- AVAILABLE RECORDS -
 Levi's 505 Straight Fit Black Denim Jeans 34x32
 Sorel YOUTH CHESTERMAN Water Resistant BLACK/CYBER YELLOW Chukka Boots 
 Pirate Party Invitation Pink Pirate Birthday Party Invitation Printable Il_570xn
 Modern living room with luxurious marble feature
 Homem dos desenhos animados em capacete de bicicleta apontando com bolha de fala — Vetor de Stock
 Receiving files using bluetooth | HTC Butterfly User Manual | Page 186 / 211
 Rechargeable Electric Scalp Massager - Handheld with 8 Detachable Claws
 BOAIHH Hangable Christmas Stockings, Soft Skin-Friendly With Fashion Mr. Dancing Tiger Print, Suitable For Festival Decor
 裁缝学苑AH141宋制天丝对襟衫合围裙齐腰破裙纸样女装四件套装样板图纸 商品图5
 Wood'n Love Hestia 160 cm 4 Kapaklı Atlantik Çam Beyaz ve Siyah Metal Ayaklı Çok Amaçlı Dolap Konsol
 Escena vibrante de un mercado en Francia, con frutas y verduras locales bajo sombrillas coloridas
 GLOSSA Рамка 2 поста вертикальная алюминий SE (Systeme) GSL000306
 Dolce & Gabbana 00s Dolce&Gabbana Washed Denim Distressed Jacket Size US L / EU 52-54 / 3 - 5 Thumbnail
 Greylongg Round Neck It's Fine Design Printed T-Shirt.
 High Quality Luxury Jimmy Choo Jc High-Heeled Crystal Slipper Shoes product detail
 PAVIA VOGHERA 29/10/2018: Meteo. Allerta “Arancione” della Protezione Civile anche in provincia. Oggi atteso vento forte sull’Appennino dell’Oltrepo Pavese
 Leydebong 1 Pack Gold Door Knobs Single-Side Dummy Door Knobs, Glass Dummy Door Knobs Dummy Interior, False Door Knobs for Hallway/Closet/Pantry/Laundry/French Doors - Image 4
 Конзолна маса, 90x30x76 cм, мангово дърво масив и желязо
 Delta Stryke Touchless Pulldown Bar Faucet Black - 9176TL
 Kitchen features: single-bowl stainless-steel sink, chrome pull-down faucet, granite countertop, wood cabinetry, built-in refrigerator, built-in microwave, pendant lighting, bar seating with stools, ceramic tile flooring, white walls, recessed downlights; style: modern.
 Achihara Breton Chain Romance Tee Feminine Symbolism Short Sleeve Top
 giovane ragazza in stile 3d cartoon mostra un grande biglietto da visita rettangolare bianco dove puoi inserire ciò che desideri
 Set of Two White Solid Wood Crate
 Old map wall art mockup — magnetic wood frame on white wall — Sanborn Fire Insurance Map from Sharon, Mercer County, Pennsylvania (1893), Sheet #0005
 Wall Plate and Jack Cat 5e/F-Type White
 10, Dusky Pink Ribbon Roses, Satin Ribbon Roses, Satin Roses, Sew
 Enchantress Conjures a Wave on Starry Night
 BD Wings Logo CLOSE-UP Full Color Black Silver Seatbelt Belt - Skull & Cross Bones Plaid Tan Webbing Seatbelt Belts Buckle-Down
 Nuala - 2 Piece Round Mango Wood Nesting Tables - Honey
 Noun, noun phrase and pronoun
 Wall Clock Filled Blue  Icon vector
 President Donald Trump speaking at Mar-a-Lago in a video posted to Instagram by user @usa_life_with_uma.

- TASK BRIEF -
From the records above, print exactly the lines that run from the line with "GLOSSA Рамка 2" to the line with "Enchantress Conjures a Wave on Starry Night", inclusive.

- YOUR RESPONSE -
 GLOSSA Рамка 2 поста вертикальная алюминий SE (Systeme) GSL000306
 Dolce & Gabbana 00s Dolce&Gabbana Washed Denim Distressed Jacket Size US L / EU 52-54 / 3 - 5 Thumbnail
 Greylongg Round Neck It's Fine Design Printed T-Shirt.
 High Quality Luxury Jimmy Choo Jc High-Heeled Crystal Slipper Shoes product detail
 PAVIA VOGHERA 29/10/2018: Meteo. Allerta “Arancione” della Protezione Civile anche in provincia. Oggi atteso vento forte sull’Appennino dell’Oltrepo Pavese
 Leydebong 1 Pack Gold Door Knobs Single-Side Dummy Door Knobs, Glass Dummy Door Knobs Dummy Interior, False Door Knobs for Hallway/Closet/Pantry/Laundry/French Doors - Image 4
 Конзолна маса, 90x30x76 cм, мангово дърво масив и желязо
 Delta Stryke Touchless Pulldown Bar Faucet Black - 9176TL
 Kitchen features: single-bowl stainless-steel sink, chrome pull-down faucet, granite countertop, wood cabinetry, built-in refrigerator, built-in microwave, pendant lighting, bar seating with stools, ceramic tile flooring, white walls, recessed downlights; style: modern.
 Achihara Breton Chain Romance Tee Feminine Symbolism Short Sleeve Top
 giovane ragazza in stile 3d cartoon mostra un grande biglietto da visita rettangolare bianco dove puoi inserire ciò che desideri
 Set of Two White Solid Wood Crate
 Old map wall art mockup — magnetic wood frame on white wall — Sanborn Fire Insurance Map from Sharon, Mercer County, Pennsylvania (1893), Sheet #0005
 Wall Plate and Jack Cat 5e/F-Type White
 10, Dusky Pink Ribbon Roses, Satin Ribbon Roses, Satin Roses, Sew
 Enchantress Conjures a Wave on Starry Night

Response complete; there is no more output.